Regressado ao coração da cidade tento encontrar algumas coisas, mas sem grande sucesso. Procuro o local onde se deu o grande massacre do mercado, quando uma granada caiu no meio de uma multidão que procura abastecimentos. Não encontro a famosa “rosa”, marcas criadas por cera vermelha derretida nos locais onde morreram pessoas de forma mais trágica durante a guerra, mas vejo uma placa alusiva da ocasião. Ando para trás e para a frente na mesma zona, naquela rua pedestre, tão popular para os habitantes de Sarajevo, onde se encontra a cadedral católica. Tenho fome, está a ficar frio e preciso de usar a Internet.
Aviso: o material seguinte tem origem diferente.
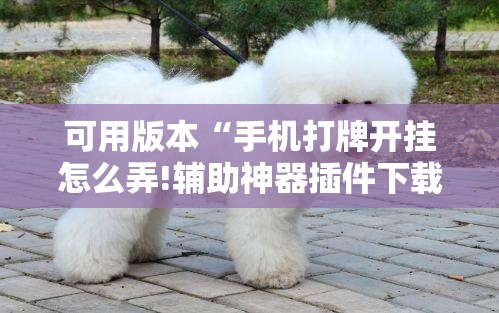 可用版本“手机打牌开挂怎么弄!辅助神器插件下载 可用版本“手机打牌开挂怎么弄!辅助神器插件下载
Conjugo tudo isto procurando abrigo no restaurante em frente ao bar onde na véspera usei a rede wireless, que exploro indecentemente enquando me delicio com um belo petisco bósnio, aqueles croquetes de carne servidos com pão local e um molhinho de cebola picada (3,50  Eur… espantoso, não é…. foram 10 “croquetes”). Cerveja não há, porque aquilo é uma casa de bons muçulmanos, mas não faz mal. Vai a seco e não vai nada mal.
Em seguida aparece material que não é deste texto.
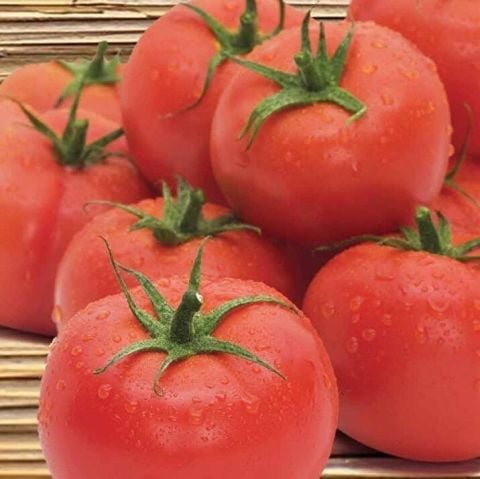 Geleneksel İnce Kabul Etli 2274 Domates Fidesi (5 adet)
A noite cai, procuro um táxi Paja, porque os dessa cooperativa são honestos e quase todos conhecem a casa do Oliver. Encontro um, que alegria. Pronto, hoje chego sem mais aventuras. Mais tarde juntam-se-nos duas Couchsurfers e eles jantam – eu ainda estava empaturrado – enquanto me sento à mesa fazendo companhia com o vinho branco, produção da família do Oliver, em terras de Herzegovina.

Uma breve nota para falar de coincidências. Em Dubrovnik, estava eu de partida para Trebinje, e vejo dois homens jovens, vestidos como talibans, de barbas longas mas feições europeias… o condutor do mini-bus para Trebinje vai falar com eles, dá para entender que os está a desafiar a viajar com ele, e denoto ali uma dose de humor negro – Trebinje é um bastião de ultra-nacionalismo sérvio e os rapazes teriam uma vida complicada por lá. Bom, uns dias depois, estou eu a passear por Mostar e vejo-os de novo, desta vez estabelece-se contacto visual, eles sorriem-me e dizem-me adeus. Coincidência? Talvez… mas para a coisa ficar completa, foi preciso chegar a Sarajevo, onde no segundo dia, ao cruzar a praça antiga, eis que me cruzo com estes dois cromos. Um deles olha para mim, eu olho para eles, rodo a cabeça, o primeiro chama a atenção ao segundo e pronto… mais sorrisos e acenares, grandes sorrisos de parte a parte. Excepcional. Mas para acabar a noite há mais: em Dubrovnik, no meu beliche, no primeiro andar, estava uma rapariga. Mal falámos, para além dos “oi” diários… e de repente, o Oliver diz-me que vamos ter mais Couchsurfers hoje e ali está ela, sorridente, de novo a partilhar o meu tecto.